Feedback in neural networks, where the weights interior to the neural networks and a selection of outputs of the neural network feeding back into the inputs array of data have been part of the model since Day One. Heck, we of the wetware persuasion do this
all the time.
Doing this sans constraints is likely a good way to descend into madness. But multivariate constraints on multivariate input, multivariate output, with multivariate feedback has been a thing for a very, very long time. One can constrain interior state variables, the range of input, range out outputs, and the ranges of feedbacks pretty much as one sees fit, without even resorting to what goes on in the various stages of neural networking. And, yeah, I've done this, non-neural-network style, on and off as part of work for decades.
It gets even weirder. I mentioned the word, "State Variables". Let's see if I can give an example. There's this class of problems called, "System Identification". A classic one was this Soviet-era problem involving predicting the water level of a large river system with feeder rivers in Northern Siberia, the better to predict flooding, set dam flow levels, and all that. One might have a bunch of rain gauges scattered across several thousand square miles as basic input and some automated water level monitors here and there. But complete monitoring was pretty much impossible: Way too much area and not enough money to instrument it all.
So, create models. Lots of models. Create the models algorithmically. The main intent is feed input data into the model, look at the data coming out of the model, compare that data with real, measured data from the field, then run algorithms that re-run the model as a function of time, change weights, function types, the number of state variables that change as a function of time, and modify the model to minimize the error difference between the predicted and actual outputs. Do enough of this, stepping the complexity of the model up as one goes, and, eventually, it can be used to
predict what the various water levels in the river system are going to be like due to rainfall here, there, and everywhere, with a starting configuration of water levels at T=0. As I said, this is a problem in
system identification.
Thing is, the model itself has state variables that change over time.
But those state variables don't have to have a basis in reality. They may not be water flow rates, pond levels, resistance to water flow, or anything else: So long as the model works what values these variables take don't matter, so long as the end result works. Further, if constraining those state variables makes the model work better, then, well, why not?
Interestingly, the
starting values for those not-based-in-reality state values can make
big differences in what the end results might be.

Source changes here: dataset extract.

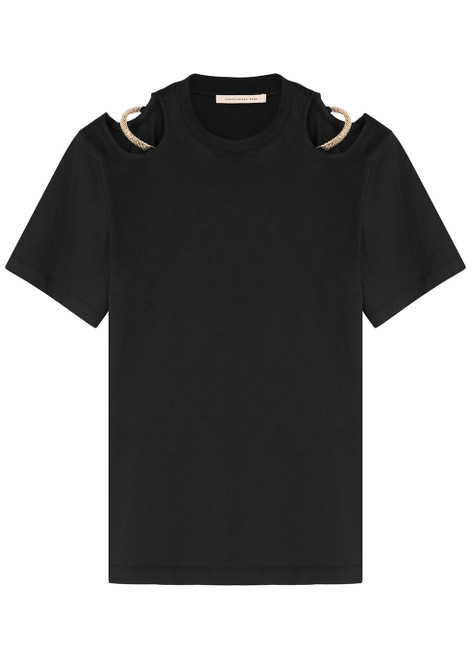 CHRISTOPHER KANE-Black chain-embellished cotton T-shirt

So, now let's switch back to Tesla. Big, complicated algorithms in now-you-see-it, now-you-don't decisions on which way to drive, set the accelerator, set the brakes, with a fast-processing neural network built in, with multitudinous numbers of interior state variables both inside the neural network and outside, feedback of all sorts up the wazoo, and constraints everywhere. Finally, the whole business is a research project:
NOBODY has done stuff like this before. Research is sometimes jokingly referred to as, "The process of running up alleys to find out if they're blind."
I've mentioned the idea that there might be feedback-sensitive neural network algorithms built into Tesla's software and hardware. Others have pulled up tweets and such from people inside Tesla that have stated that They Don't Do That. Well, that may or may not be completely true. But, even if it is,
initial values count. So do constraints. And.. Tesla
needs data on how well all this works in the real world.
As an example of how this might work: Seed the state variables at fixed intervals (on power-up? before each drive? who knows?) with a random number generator. With or without constraints; with or without correlation on how other state variables are set. See how it all works due to performance criteria that Tesla designs and tracks. Report numbers back to the mothership. Use that to change stuff going forward: Either with the next software release or, if one wants to get strange, on the next drive
.
Thing is: Proving that Tesla does or doesn't do any of the above is hard to do. Except.. I've certainly seen different behavior on different days. Just watch our guy with his unprotected left turns: Minor changes in the environment is all that it is.. or is it deeper than that?
Fun.